A few years ago a striking Christmas card was published, with the title, “If Christ had not come.” It was founded upon our Saviour’s words, “If I had not come.” The card represented a man falling into a short sleep in his study on Christmas morning and dreaming of a world into which Jesus had never come.
In his dream he found himself looking through his home, but there were no little stockings in the chimney corner, no Christmas bells or wreaths of holly, and no Christ to comfort, gladden and save. He sat down in his library, but every book about the Saviour had disappeared.

A ring at the door-bell, and a messenger asked him to visit a poor dying mother. He hastened with, the weeping child and as he reached the home he sat down and said, “I have something here that will comfort you.” He opened his Bible to look for a familiar promise, but it ended at Malachi, and there was no gospel and no N.T. promise of hope and salvation, and he could only bow his head and weep with her in bitter despair.

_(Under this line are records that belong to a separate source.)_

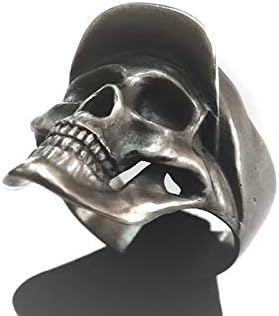 silverzone77 New Skull Ring Sterling Silver .925 Men Dead Head Biker Rocker Motorcycle Casket Unique Handmade Jewellery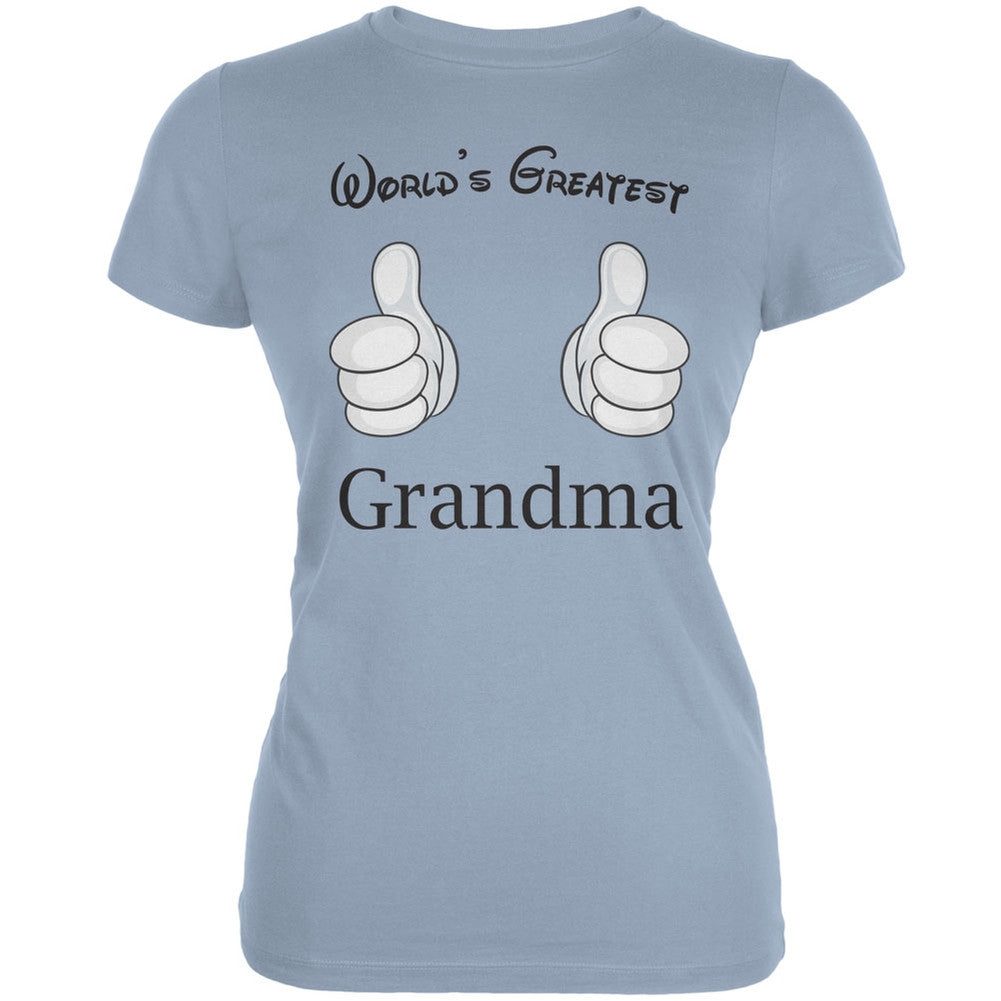 Mother's Day - World's Greatest Grandma Cartoon Light Blue Juniors Soft T-Shirt Juniors T-Shirts Old Glory 2XL Blue 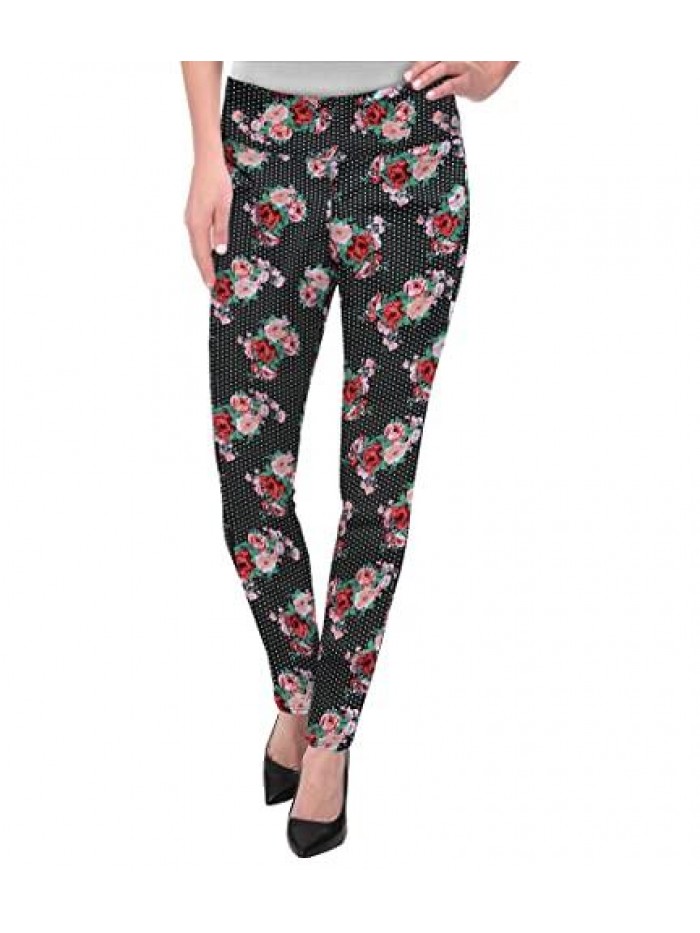 Company Women Office Dressy Leggings Skinny Trousers with Print  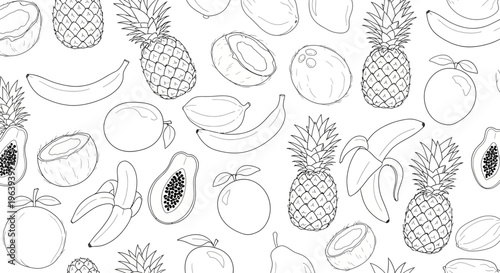 Hand Drawn Tropical Fruit Seamless Pattern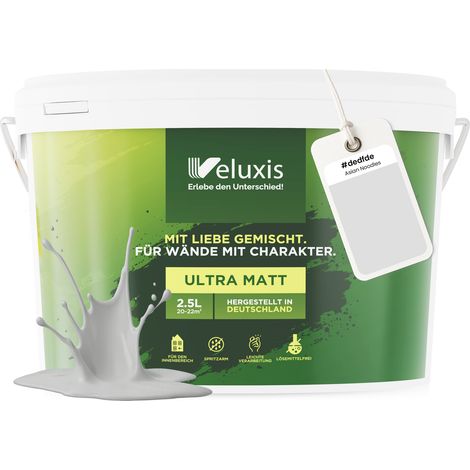 Wandfarbe Hellgrau Grau Creme Matt Innenfarbe – Deckkraft Klasse 1, VOC-frei, Ohne Grundierung, Tropfarm – Wohnzimmer & Schlafzimmer – 2,5L – Veluxis (Asian Noodles)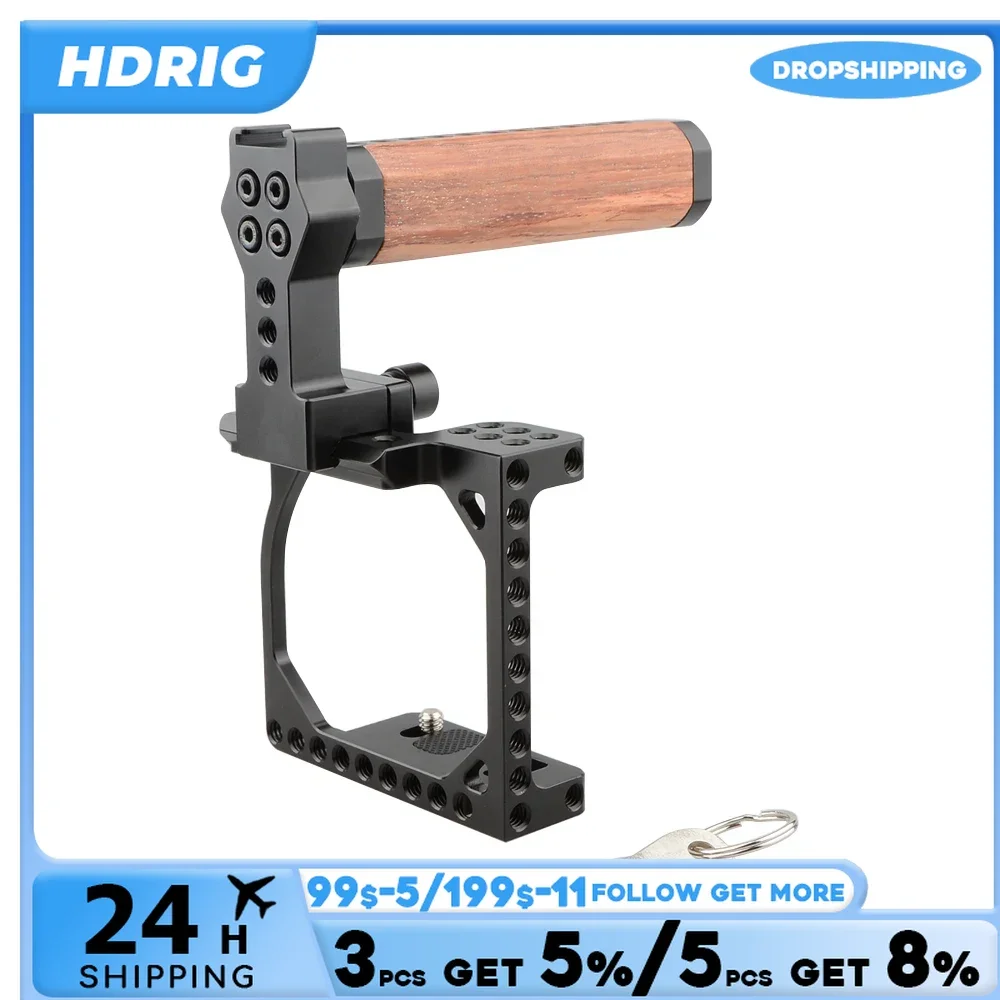 Equipamento da gaiola da câmera de hdrig com punho superior de qr para sony a6000 a6300 a6400 a6500 a6600 4k câmeras dslr câmera gaiola equipamento
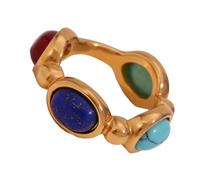 HOOLRZI Women's Trendy Geometric Natural Stone Agates Rings In Sturdy Stainless Steel Materials Elegant Party Jewelry Pieces Elegant Women's Rings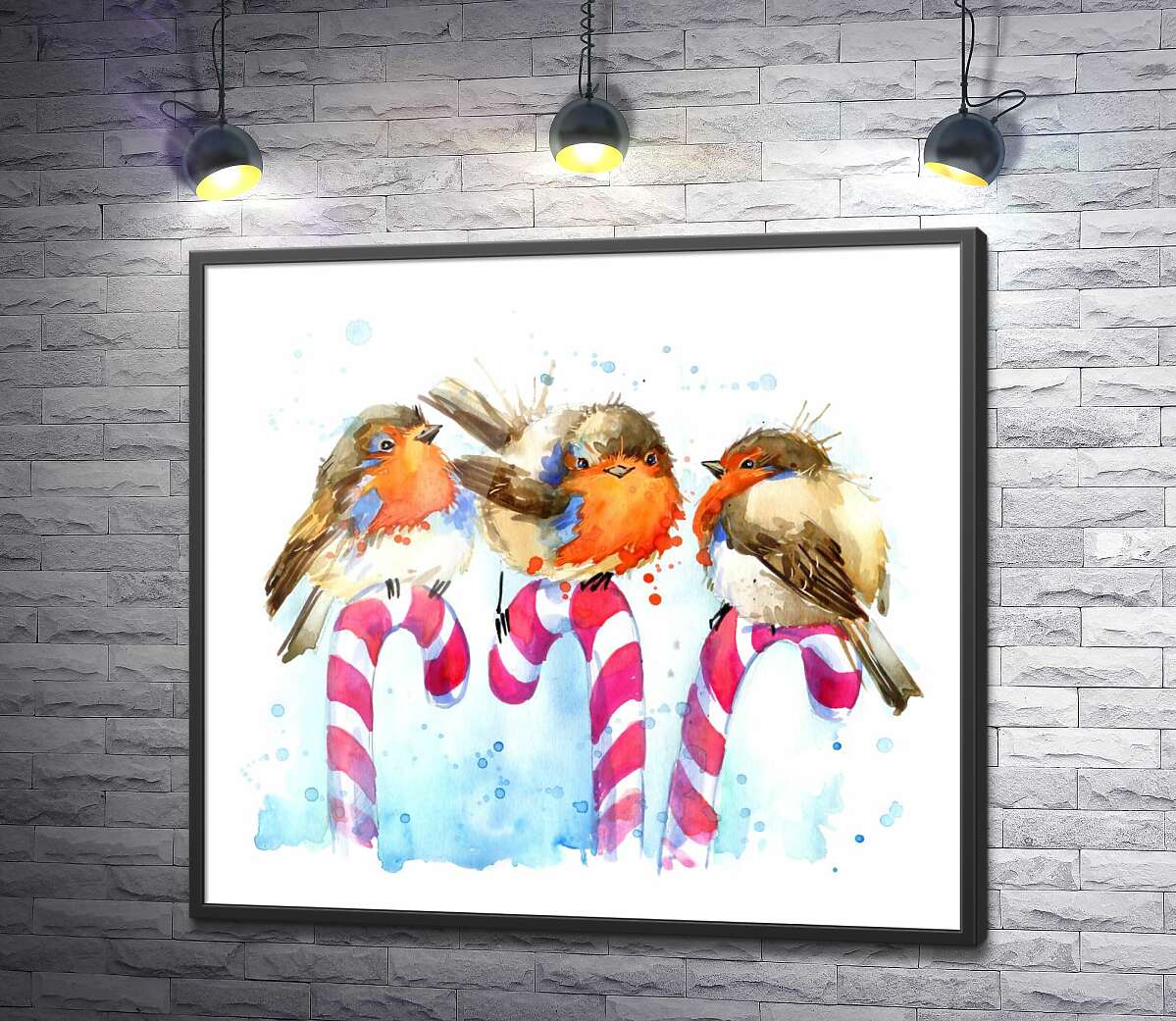 постер Червонощокі снігурі сидять на карамельних паличках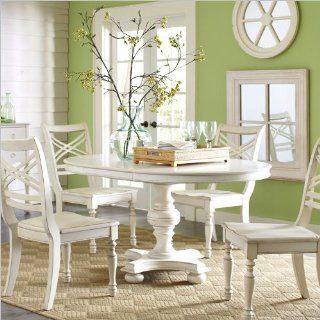 Riverside Furniture Placid Cove 42 Inch Round Dining Table in Honeysuckle White  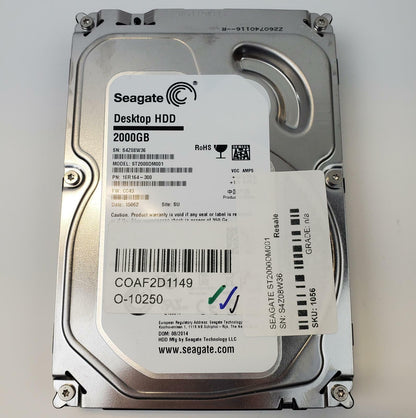 Seagate ST2000DM001 2TB 3.5" SATA Internal HDD | Grade A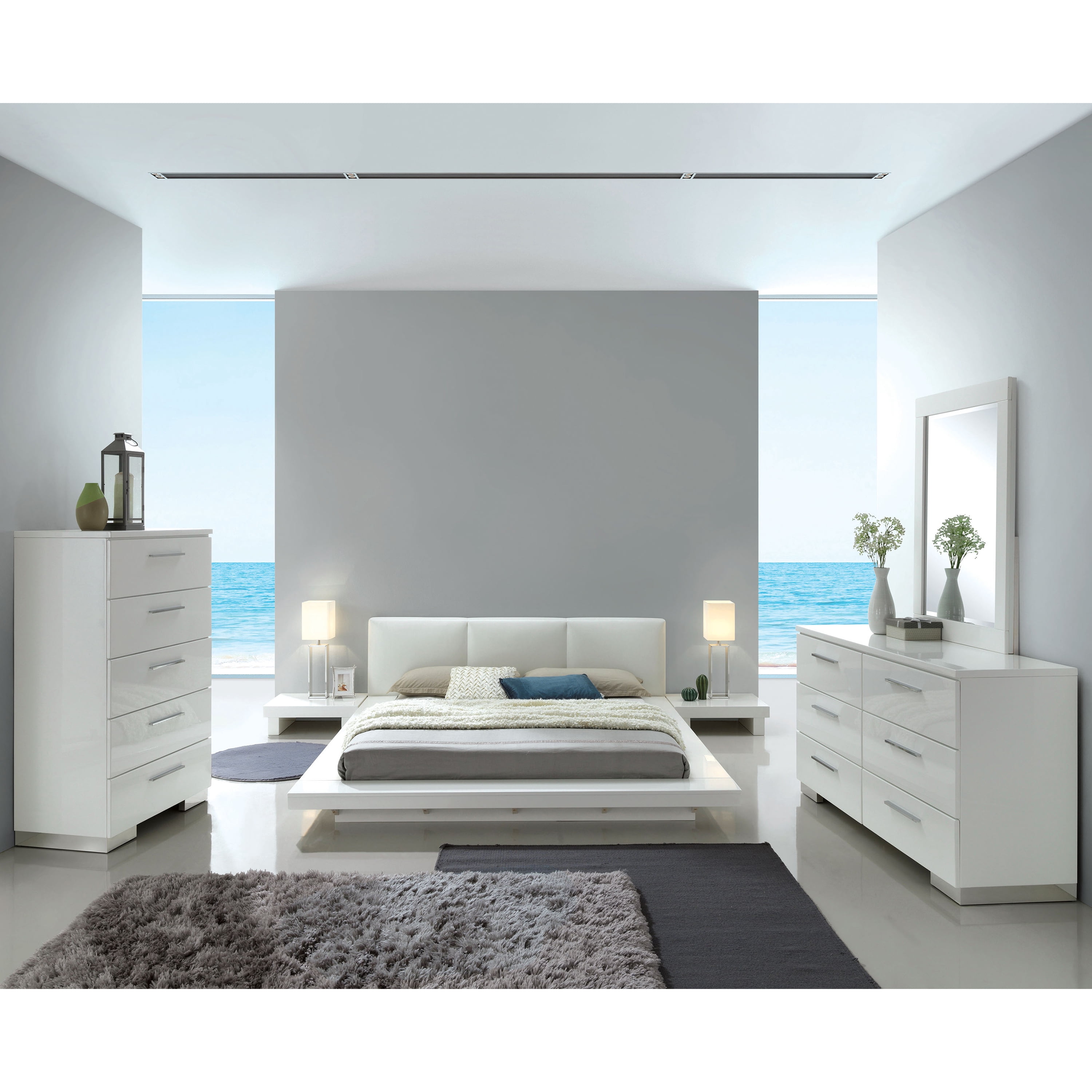 Furniture of America Krister Wood Platform Bed, California King, White
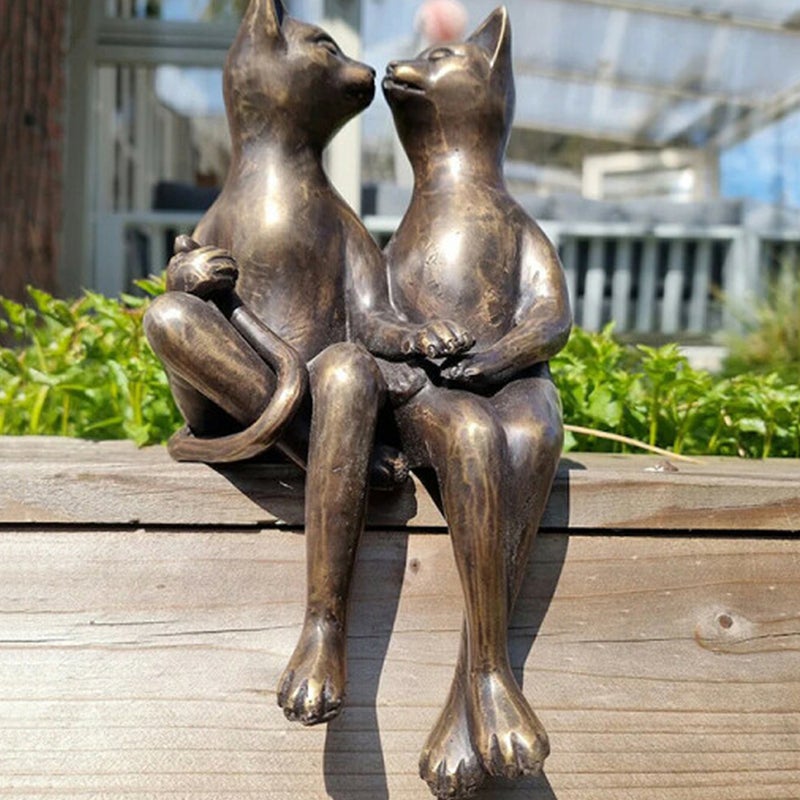 2 pcs Couple Cat Resin Statue Lovely Cat Figurine Unique Home Desktop Decoration - Image 3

Two days afterward he stood beside her coffin and conducted the funeral service, but there was no message of consolation, no word of a glorious resurrection, no open Heaven, but only “dust to dust, ashes to ashes,” and one long eternal farewell. He realized at length that “He had not come,” and burst into tears and bitter weeping in his sorrowful dream.

Suddenly he woke with a start, and a great shout of joy and praise burst from his lips as he heard his choir singing close by:

“O come, all ye faithful, joyful and triumphant,
O come ye, O come ye to Bethlehem;
Come and behold Him, born the King of Angels,
O come let us adore Him, Christ, the Lord.”

Let us be glad and rejoice today, because “He has come.” And let us remember the annunciation of the angel, “Behold I bring you good tidings of great joy, which shall be to all people, for unto you is born this day in the city of David a Saviour, which is Christ the Lord.” (Luke 2:10, 11).

“He comes to make His blessings flow, Far as the curse is found.”

May our hearts go out to the people in heathen lands who have no blessed Christmas day. “Go your way, eat the fat, drink the sweet, and SEND PORTIONS TO THEM FOR WHOM NOTHING IS PREPARED.” (Neh. 8:10).